2019 I/ITSEC

Fully Automated Photogrammetric Data Segmentation and Object Information Extraction Approach for Creating Simulation Terrain (Room 320GH)

Our previous works have demonstrated that visually realistic 3D meshes can be automatically reconstructed with low-cost, off-the-shelf unmanned aerial systems (UAS) equipped with capable cameras, and efficient photogrammetric software techniques (McAlinden et al. 2015; Spicer et al. 2016).  However, such generated 3D meshes do not contain semantic information/features of objects (i.e., man-made objects, vegetation, ground, object materials, etc.) and cannot allow sophisticated user-level and system-level interaction.

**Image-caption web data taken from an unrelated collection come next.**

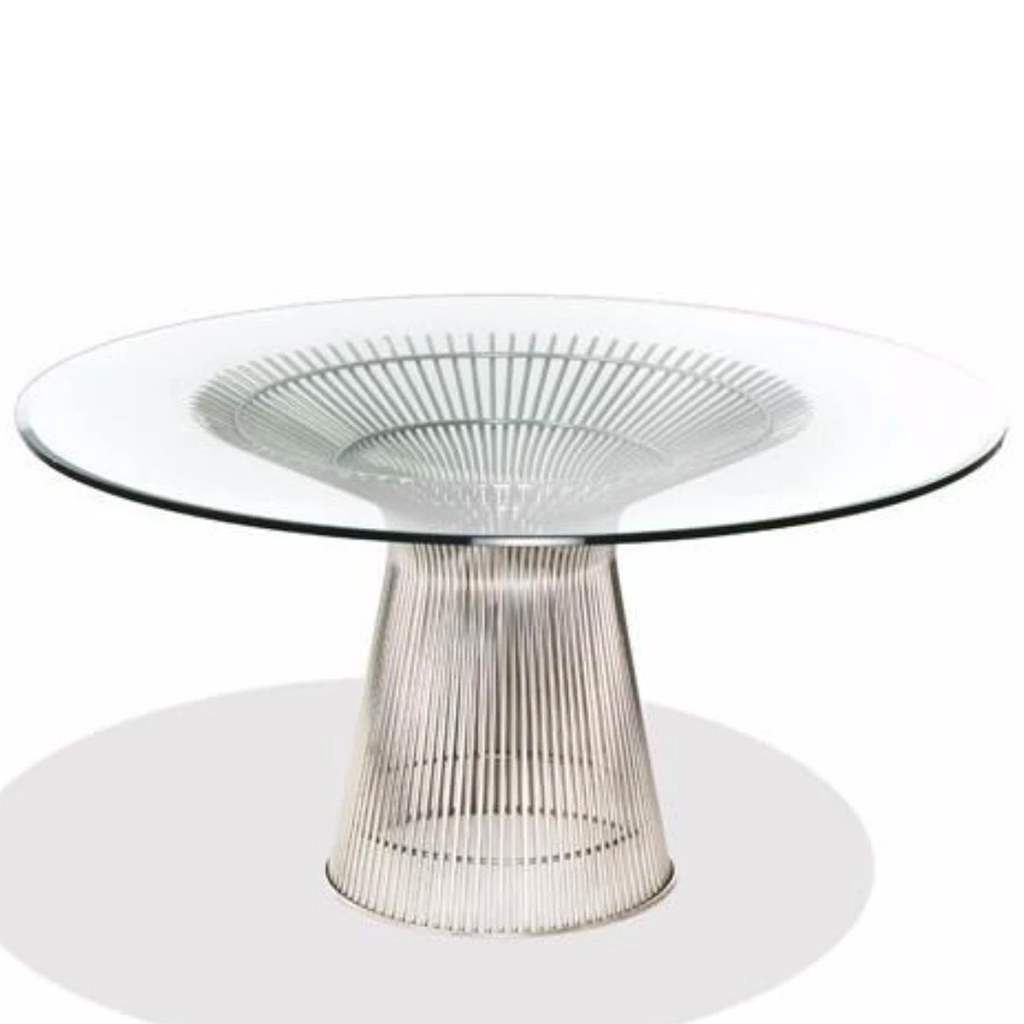 Warren Platner Style Dining Table (Glass/Stainless)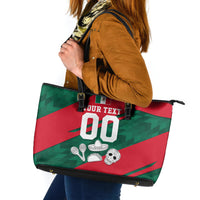Personalized Mexico Football Jaguar Mascot Leather Tote Bag Sugar Skull Sombrero Aztec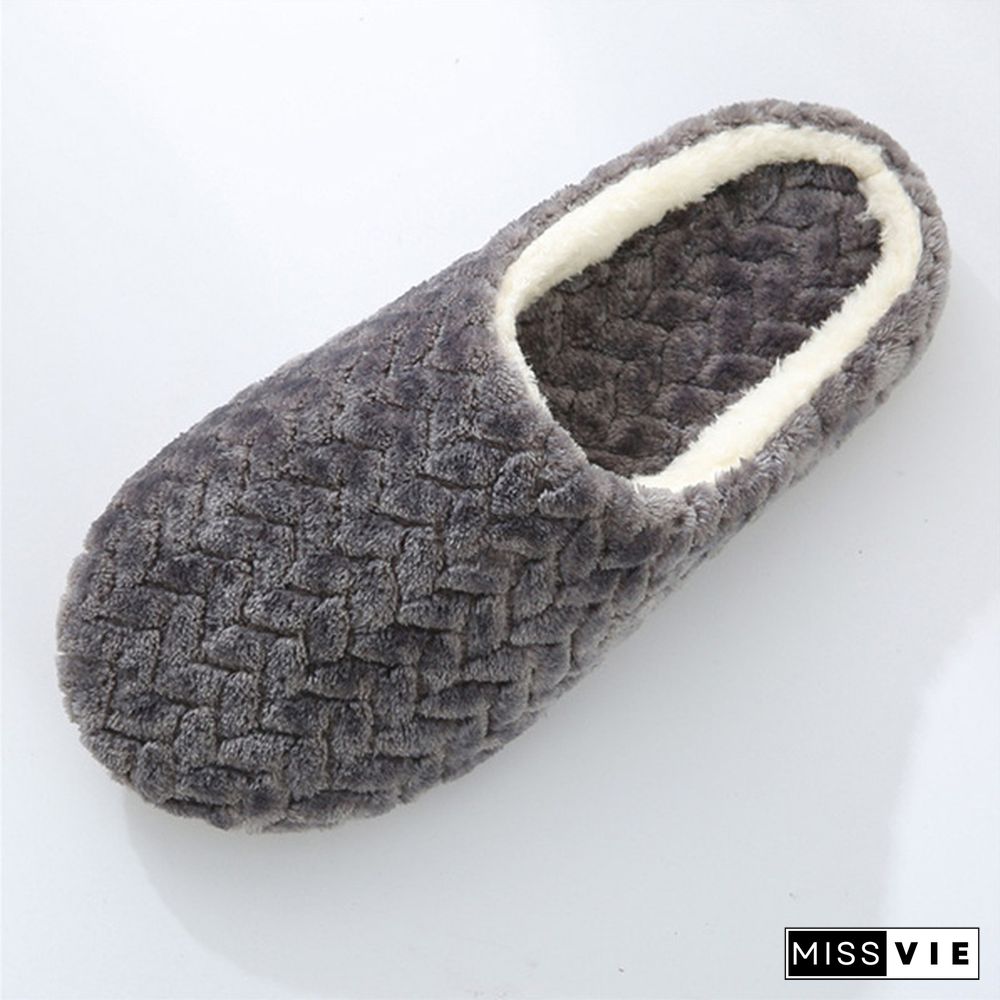 Ladies Fashion Plus Size Soft Bottom Plush Slippers Non-Slip Wooden Floor Indoor Couples Cotton Slippers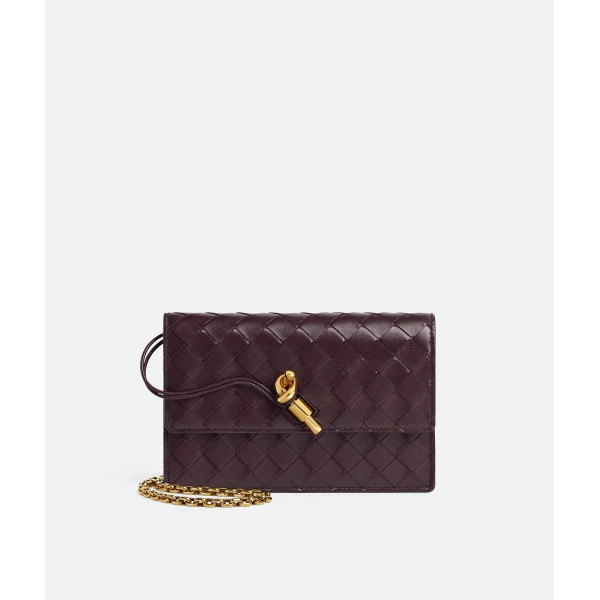 Khaite Women's Andiamo Pouch on Chain in Dark barolo - Red Shoulder & Crossbody Bags - The Lotus Tote Bag - Shop at Luxury Shoes 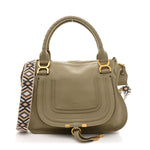 Calfskin Braided Medium Marcie Double Carry Slate Green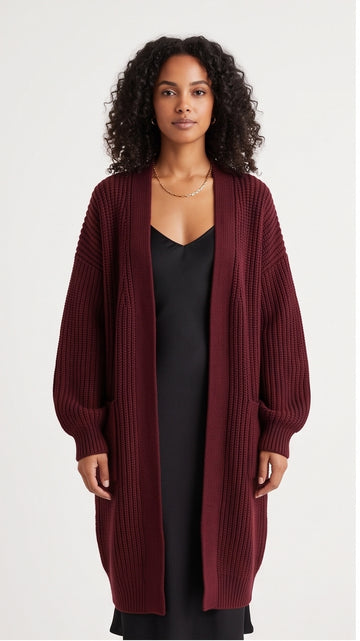 Burgundy Longline Oversized Ribbed Knit Cardigan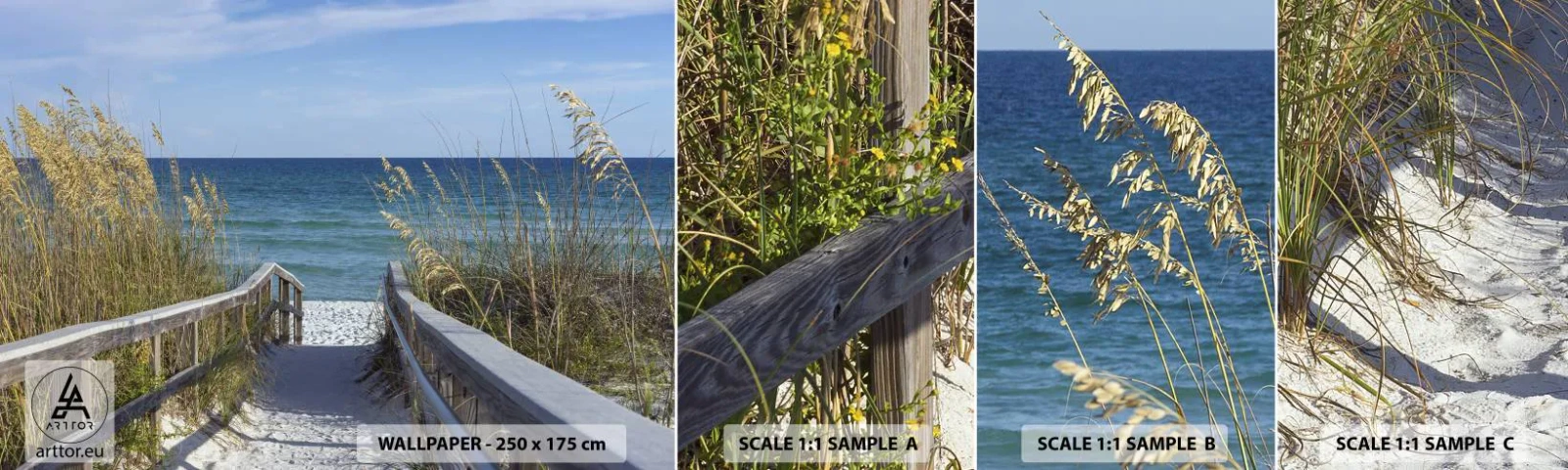 Échantillon De Papier Peint Standard Eco - Au soleil, sous le vent - Paysage, Dune de mer, Mer - 100x30 cm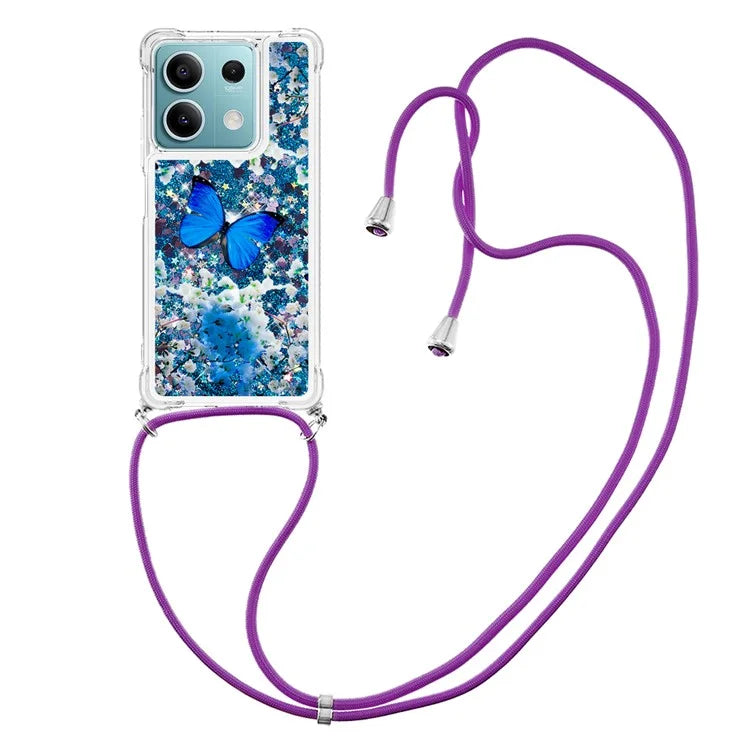 YB Quicksand Series-5 for Xiaomi Redmi Note 13 5G (Global) Slim-Fit TPU Case Pattern Phone Cover with Lanyard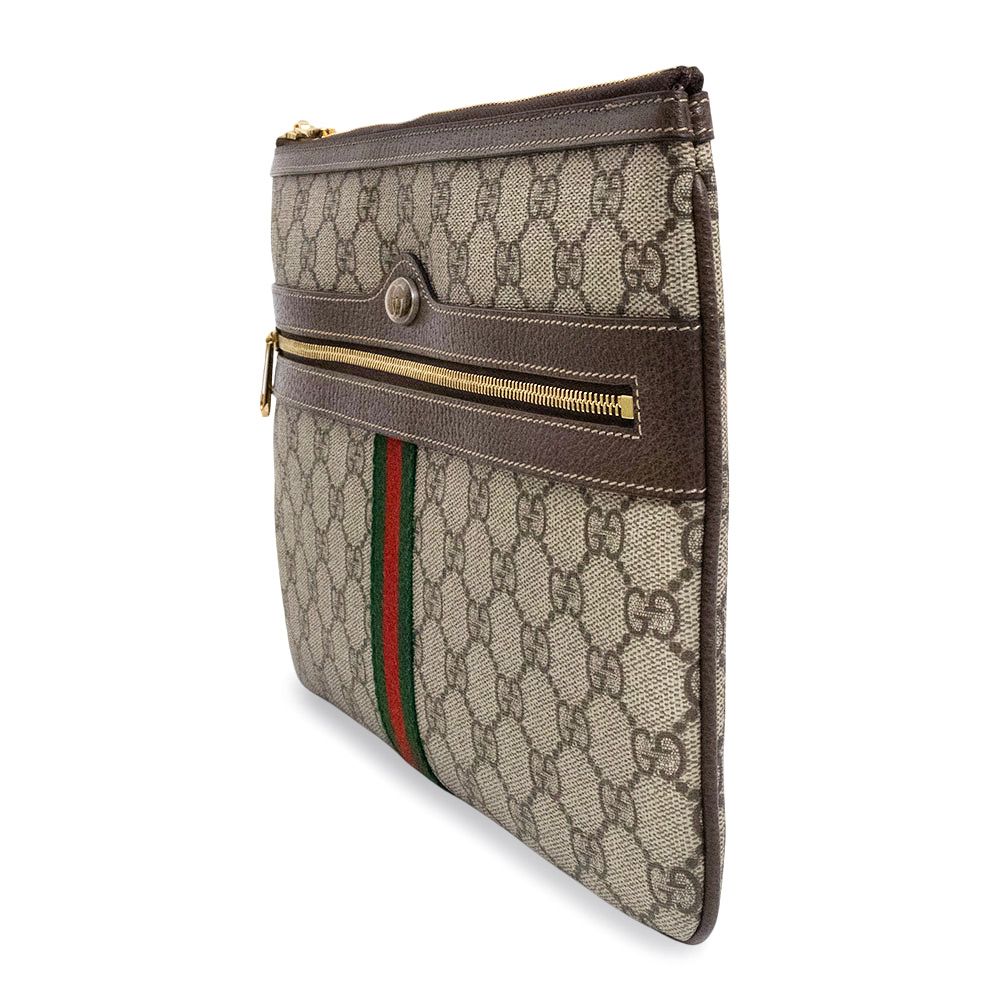 教育する グッチ オフィディア シェリーライン ウェブライン クラッチバッグ GGスプリームキャンバス レザー ベージュ ブラウン ゴールド金具 517551 GUCCI  100%品質保証、送料無料。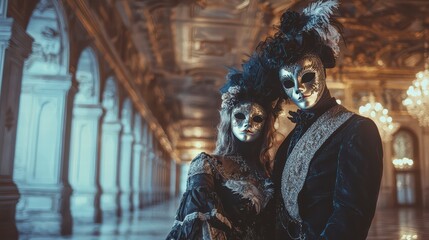 Fototapeta premium Masquerade Elegance: A captivating couple in elaborate Venetian-style masquerade costumes, their faces veiled by elegant silver masks, stand in a grand, opulent hallway.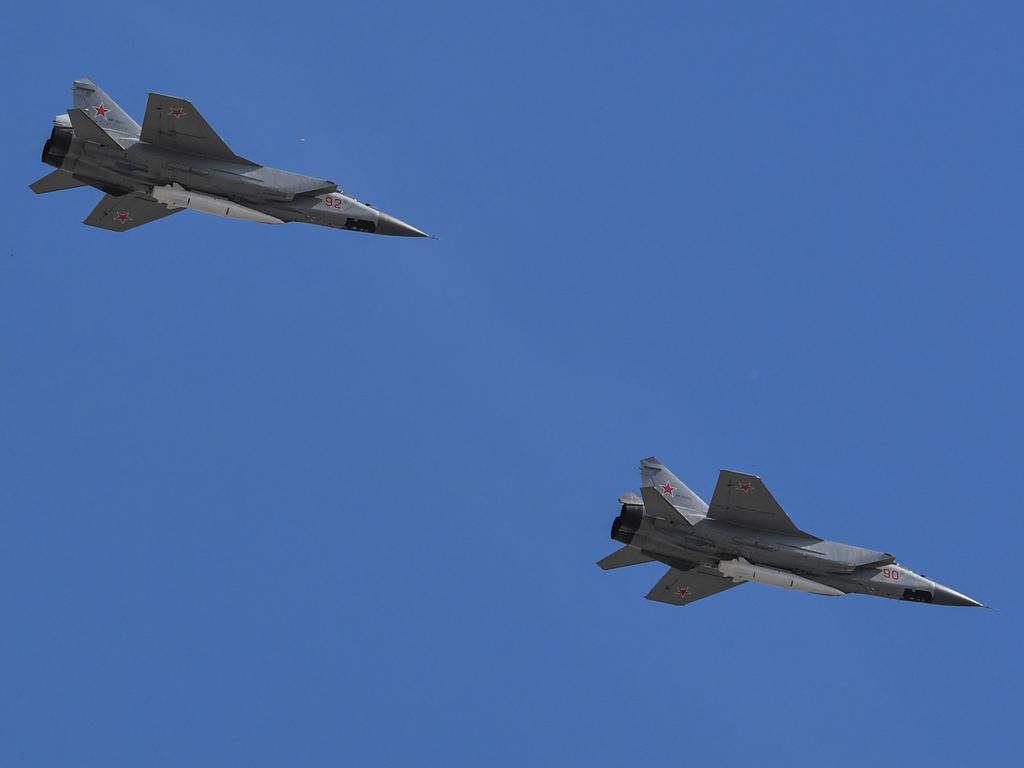 MiG-31 supersonic interceptor jets carrying hypersonic Kinzhal (Dagger) missiles, used in Ukraine first on March 18, 2022, and unleashed in its first barrage a year later. Picture: AFP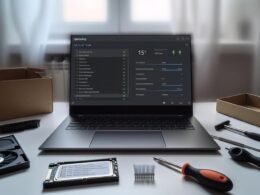 Moderner Laptop auf aufgeräumtem Schreibtisch mit Werkzeugen, offenen Notizen und technischer Systemübersicht auf dem Display.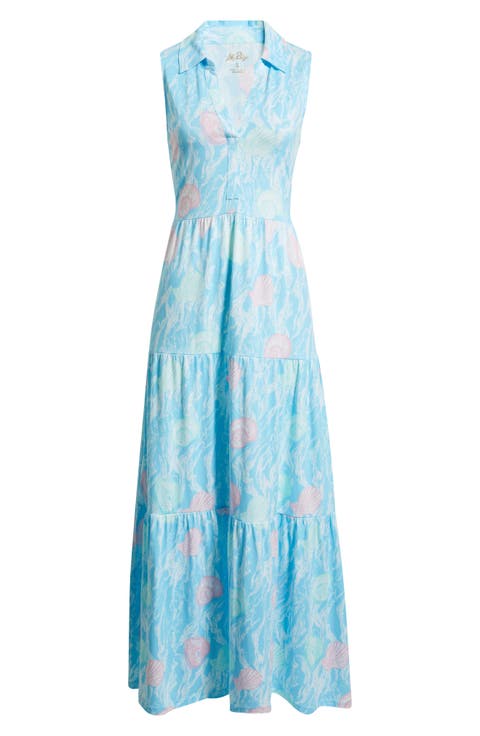 Riegan Print Sleeveless Tiered Maxi Dress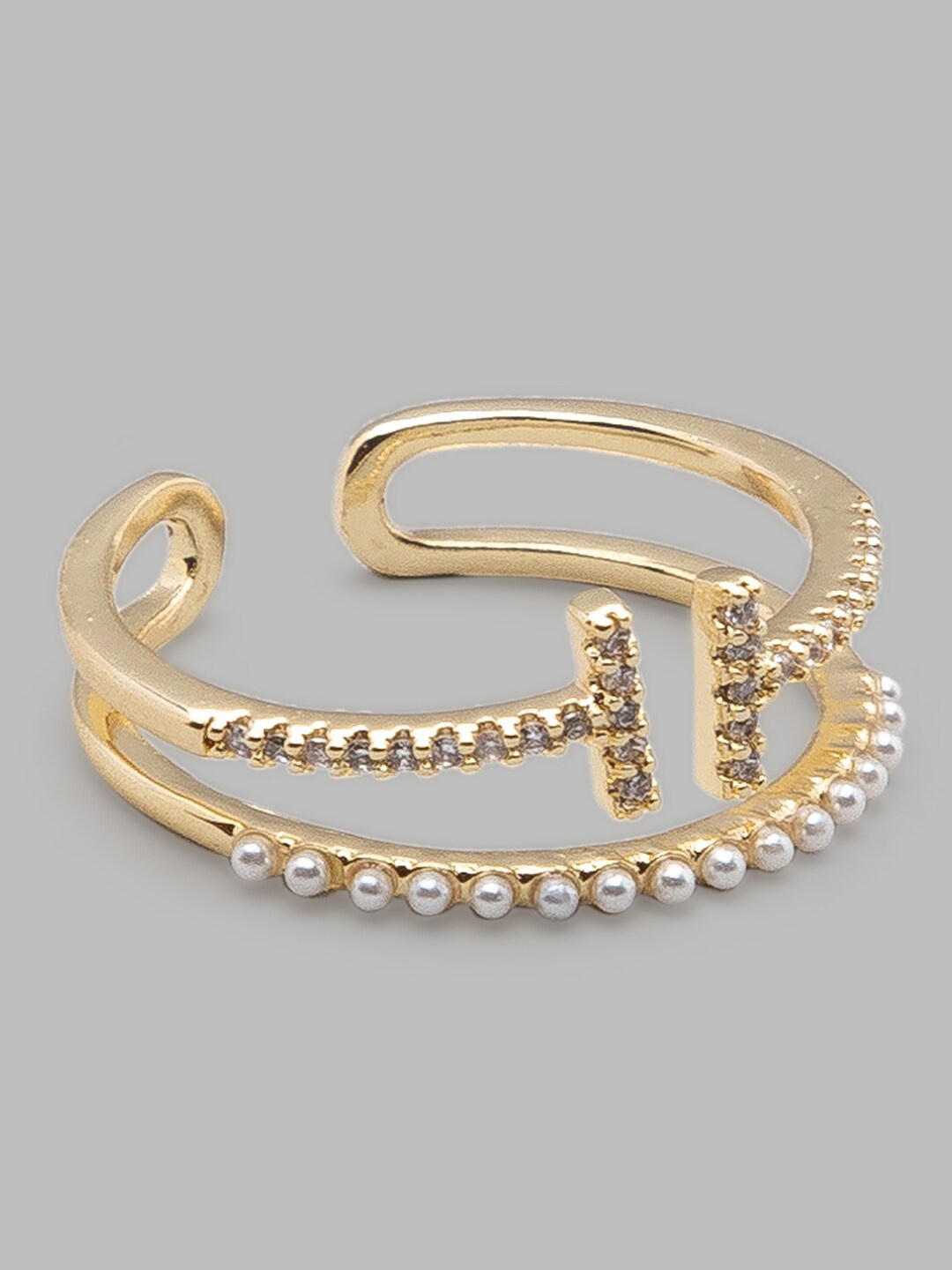 

Globus Gold-Plated White Artificial Stone-Studded Finger Ring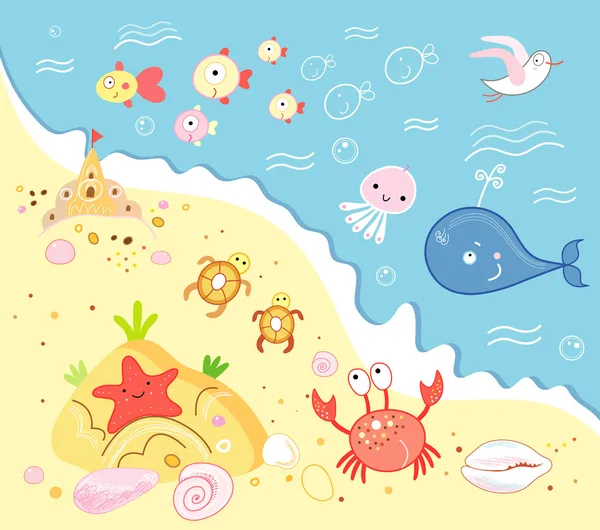 海洋动物 — 图库矢量图片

Thus, being able to segment and extract object information from the generated meshes are essential tasks in creating realistic virtual environments for training and simulations.  The objective of this research is to design and develop a fully automated photogrammetric data segmentation and object information extraction framework.  The designed framework utilizes concepts from the areas of computer vision and deep learning. Photogrammetric data are first segmented into different categories (i.e., man-made objects, vegetation, and ground) using deep learning algorithms.  Following that, object information such as individual tree locations and related features and ground materials are extracted with unsupervised and supervised machine learning techniques.  In order to validate the proposed framework, the segmented data and extracted features were used to create virtual environments in the authors’ previously designed simulation tool – the Aerial Terrain Line-of-sight Analysis System (ATLAS).  The results showed that 3D mesh trees can be replaced with geo-typical 3D tree models using the extracted individual tree locations and that the extracted tree features (i.e., color, width, height) are valuable for selecting the appropriate tree species and enhance the visual quality.  Furthermore, results showed that the identified ground material information can be taken into the consideration for path finding.  The shortest path can be computed not only considering the physical distance but also the off-road vehicle performance on different ground surfaces.  An overview of the designed data segmentation workflow is available online (USCICT, 2018).